WHAT THIS TASK INVOLVES: For this exercise, return only the lines in the records below from the one holding "Mercedes-Benz B 220 4MATIC Progressive Sedan" through the one holding "Porträt einer Kaukasierin", including both, exactly as they appear and without pictures.

SOURCE MATERIAL:

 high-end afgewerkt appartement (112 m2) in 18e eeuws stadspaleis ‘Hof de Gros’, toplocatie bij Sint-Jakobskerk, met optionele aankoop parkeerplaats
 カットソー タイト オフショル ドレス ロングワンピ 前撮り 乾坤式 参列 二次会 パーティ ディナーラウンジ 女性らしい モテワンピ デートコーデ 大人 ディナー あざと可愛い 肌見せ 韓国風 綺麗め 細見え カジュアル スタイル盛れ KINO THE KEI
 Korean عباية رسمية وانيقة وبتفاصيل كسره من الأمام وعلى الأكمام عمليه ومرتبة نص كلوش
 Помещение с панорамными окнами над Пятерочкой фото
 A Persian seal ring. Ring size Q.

--

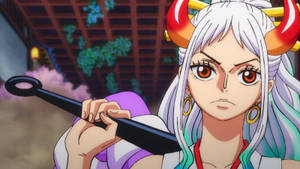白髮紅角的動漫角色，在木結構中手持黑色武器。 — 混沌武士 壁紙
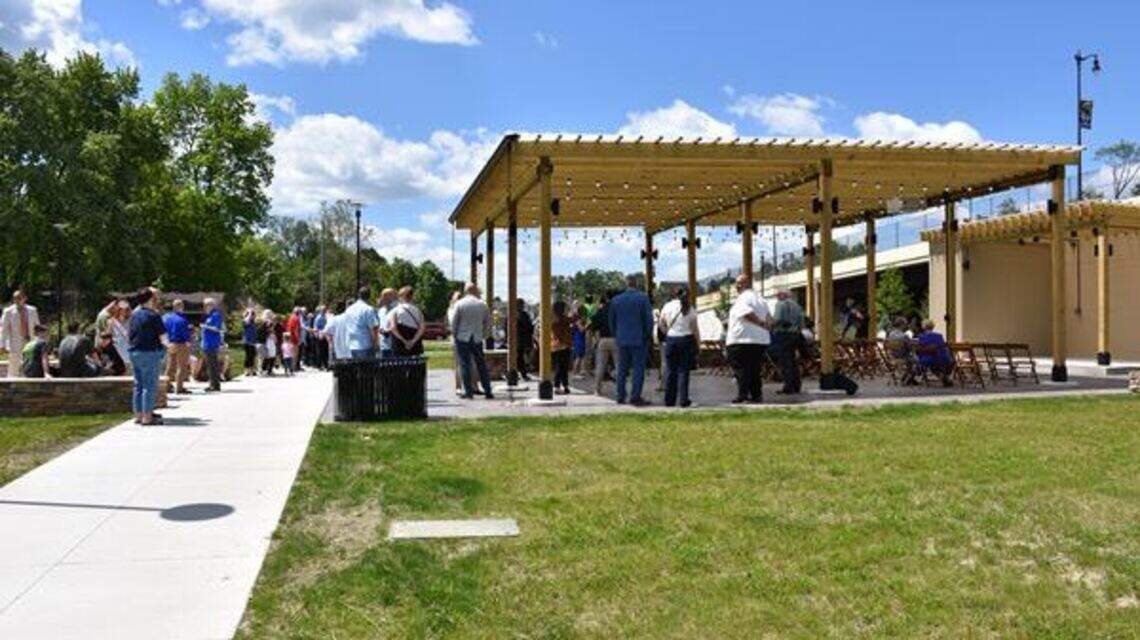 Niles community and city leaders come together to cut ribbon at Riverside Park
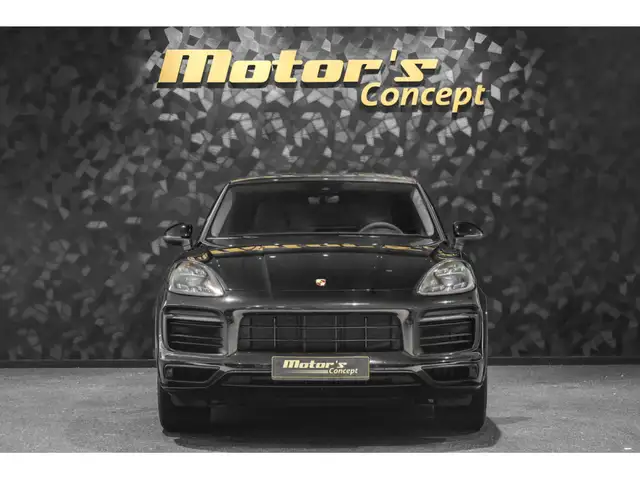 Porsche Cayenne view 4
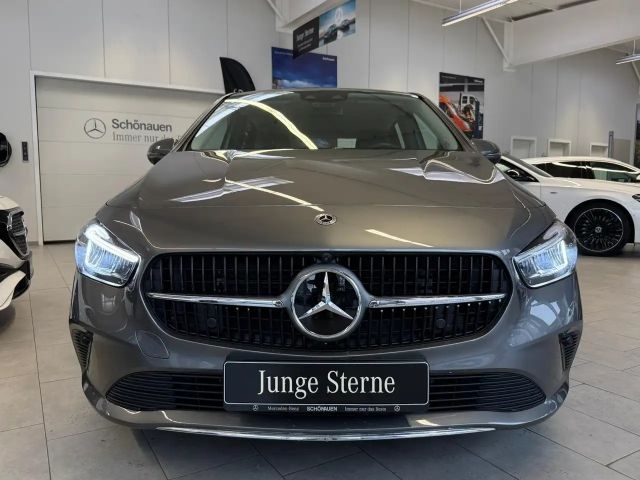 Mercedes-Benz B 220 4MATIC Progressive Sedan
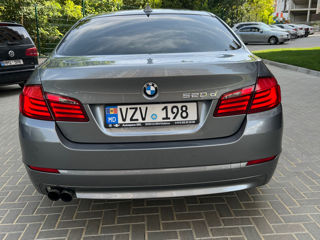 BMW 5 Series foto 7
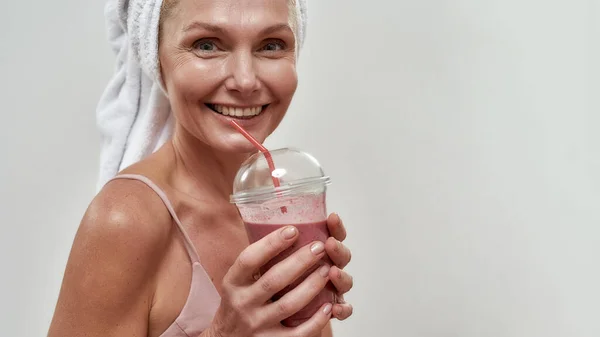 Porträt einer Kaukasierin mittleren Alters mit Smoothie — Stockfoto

YOUR RESPONSE:
 Mercedes-Benz B 220 4MATIC Progressive Sedan
 BMW 5 Series foto 7
 Porträt einer Kaukasierin mittleren Alters mit Smoothie — Stockfoto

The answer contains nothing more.